EXERCISE GOAL ->
Set down the lines below, exactly, starting at the one that contains "Audi A3 8P Hatchback 3d 1.6 102KM 2008" and stopping at the last line, inclusive. Omit pictures.
==*==
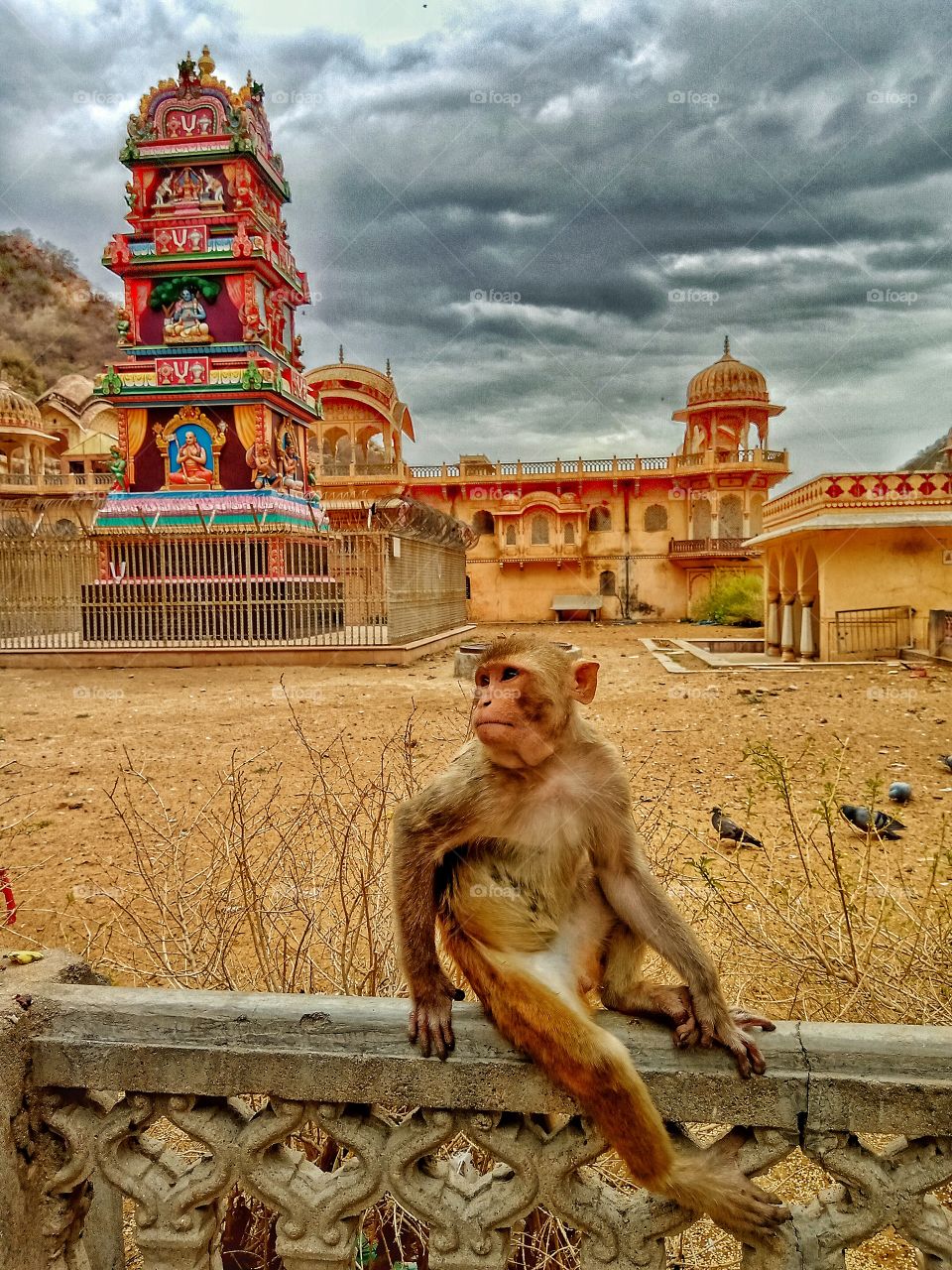 monkey temple jaipur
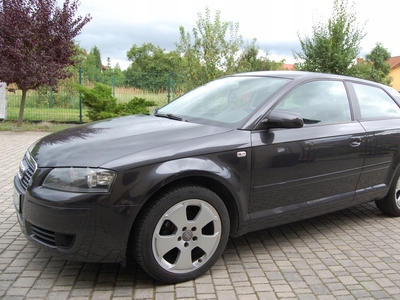 Audi A3 8P Hatchback 3d 1.6 102KM 2008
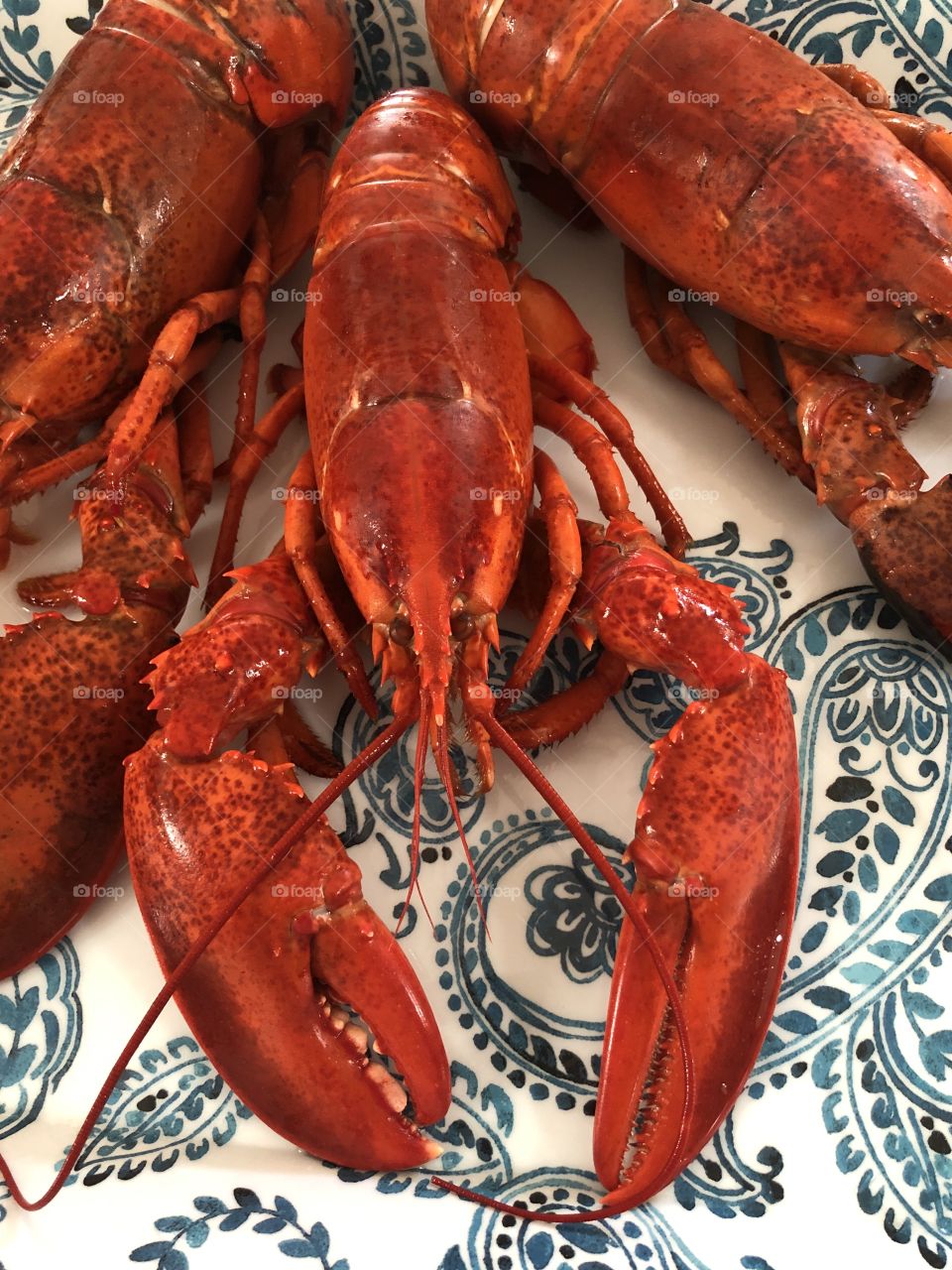 Three delicious red lobsters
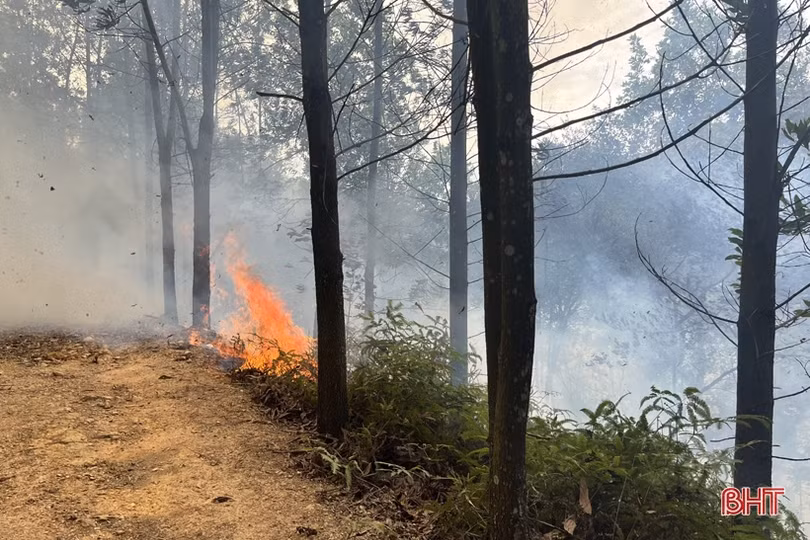 Gần 2 ha rừng keo ở Hương Sơn bị cháy
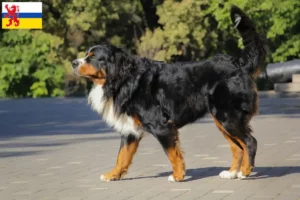 Read more about the article Bernese Mountain Dog breeder and puppies in Limburg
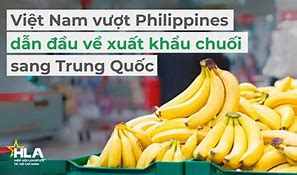 Việt Nam Xuất Khẩu Chuối Sang Trung Quốc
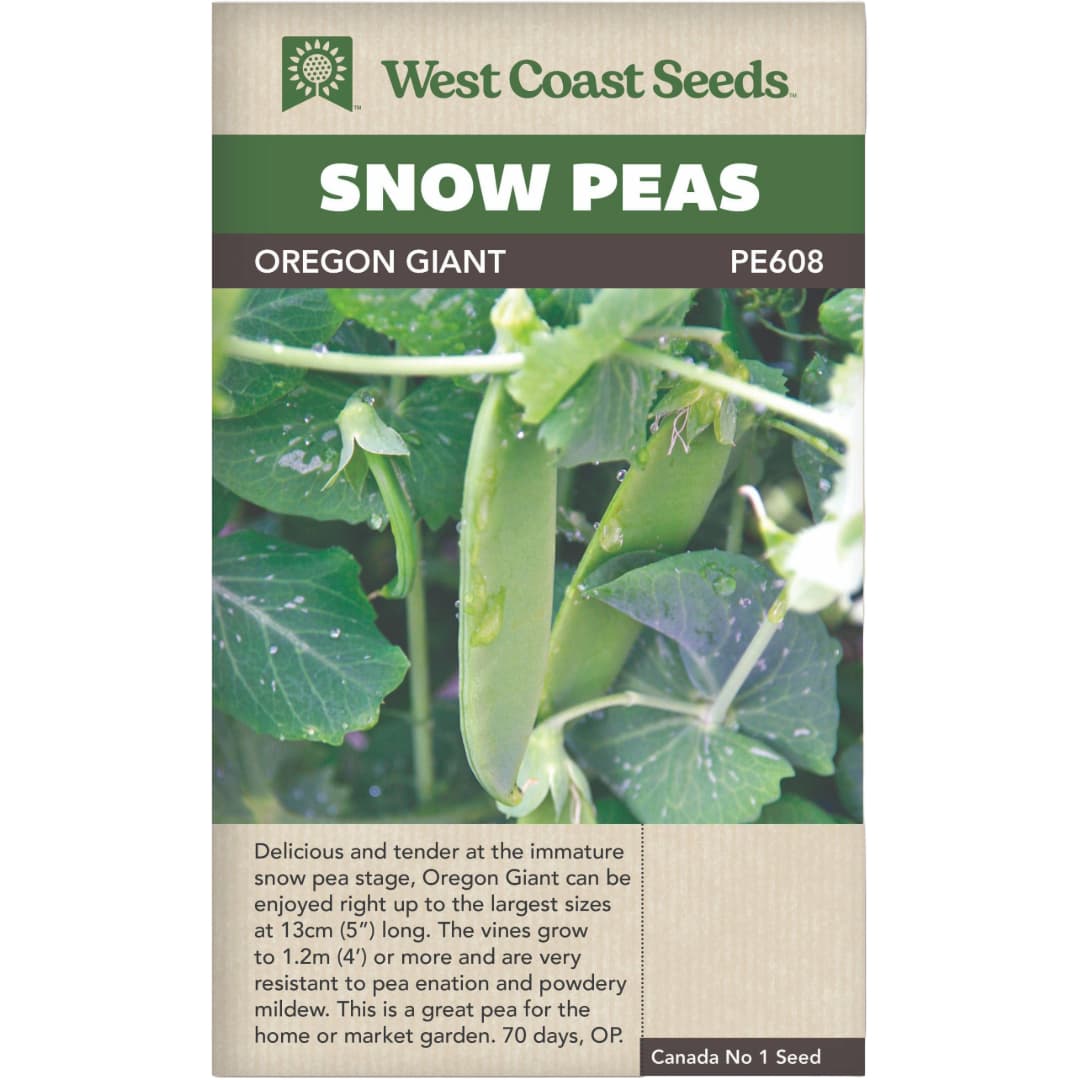 Pea Snow Oregon Giant - West Coast Seeds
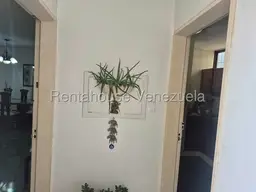 Vista 4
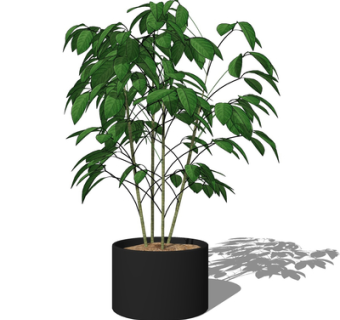 现代绿植盆栽su模型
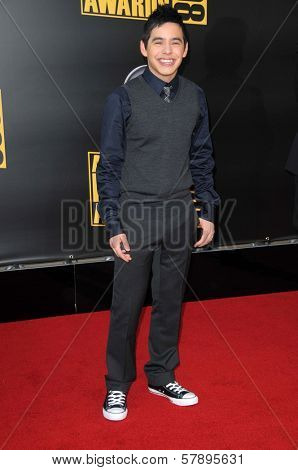 David Archuleta  at the 2008 American Musica Awards. Nokia Theatre, Los Angeles, CA. 11-23-08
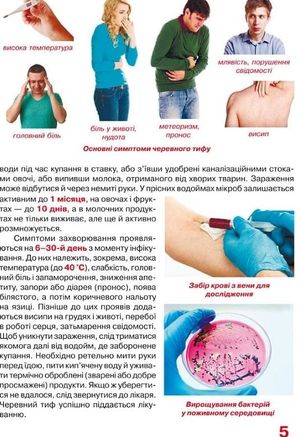 Велика книжка. Бактерії. 6+ — фото 6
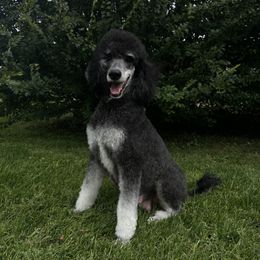 Dream - Poodle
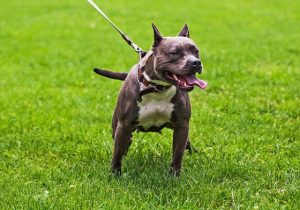 cách huấn luyện chó pitbull bảo vệ chủ
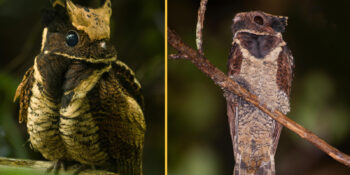 Büyük kulaklı gece kuşu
==*==
RESULT ->
 Audi A3 8P Hatchback 3d 1.6 102KM 2008
 Three delicious red lobsters
 Gần 2 ha rừng keo ở Hương Sơn bị cháy
 Read more about the article Bernese Mountain Dog breeder and puppies in Limburg
 Việt Nam Xuất Khẩu Chuối Sang Trung Quốc
 Pea Snow Oregon Giant - West Coast Seeds
 Vista 4
 现代绿植盆栽su模型
 David Archuleta  at the 2008 American Musica Awards. Nokia Theatre, Los Angeles, CA. 11-23-08
 Велика книжка. Бактерії. 6+ — фото 6
 Dream - Poodle
 cách huấn luyện chó pitbull bảo vệ chủ
 Büyük kulaklı gece kuşu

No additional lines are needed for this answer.